External Knowledge Integration in Large Language Models: A Survey on Methods, Challenges, and Future Directions

Tracking #: 3835-5049

This paper is currently under review
Authors: 
Itisha Yadav
Sirko Schindler
Diana Peters
Roman Klinger

Responsible editor: 
Guest Editors 2025 LLM GenAI KGs

Submission type: 
Survey Article
Abstract: 
Large language models (LLMs) have proved to be good in various natural language understanding (NLU) tasks. However, they face notable limitations like hallucinations, lack of contextual knowledge, and outdated or incomplete knowledge when applied across knowledge-intensive domains such as scientific research, biomedical sciences, finance, law, and others. These challenges commonly arise due to the scarcity and under-representation of domain-specific data during the training and model alignment phases, the latter being synonymous with reinforcement learning from human feedback (RLHF).
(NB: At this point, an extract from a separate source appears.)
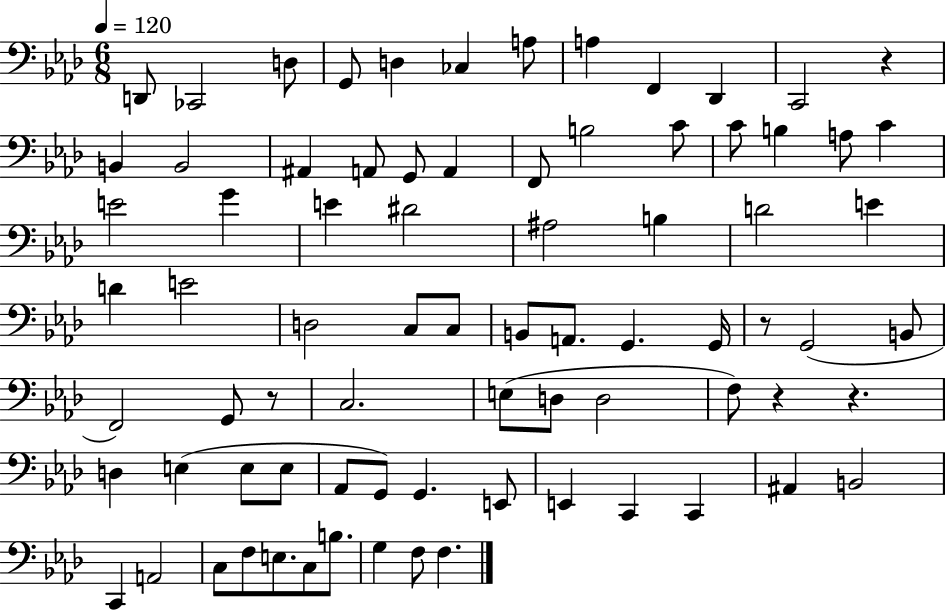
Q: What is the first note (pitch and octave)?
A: D2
Furthermore, LLMs struggle with providing nuanced expertise, as their internal knowledge remains static and generalized, hindering their ability to reason accurately or deliver context-aware results in specialized tasks. This survey investigates the integration of external knowledge into LLMs as a means to address these limitations. By investigating parametric and non-parametric approaches, this work discusses methods to enhance model reasoning capabilities, factual accuracy, and adaptability for domain-specific and knowledge intensive tasks. Additionally, it highlights the potential of external knowledge integration in improving explainability and ensuring more trustworthy outputs. This survey supports software developers and natural language processing (NLP) researchers in designing natural language understanding systems for specialized domains by leveraging pre-trained LLMs. Additionally the work provides a foundation for advancing LLM-based NLU systems with insights into future research areas.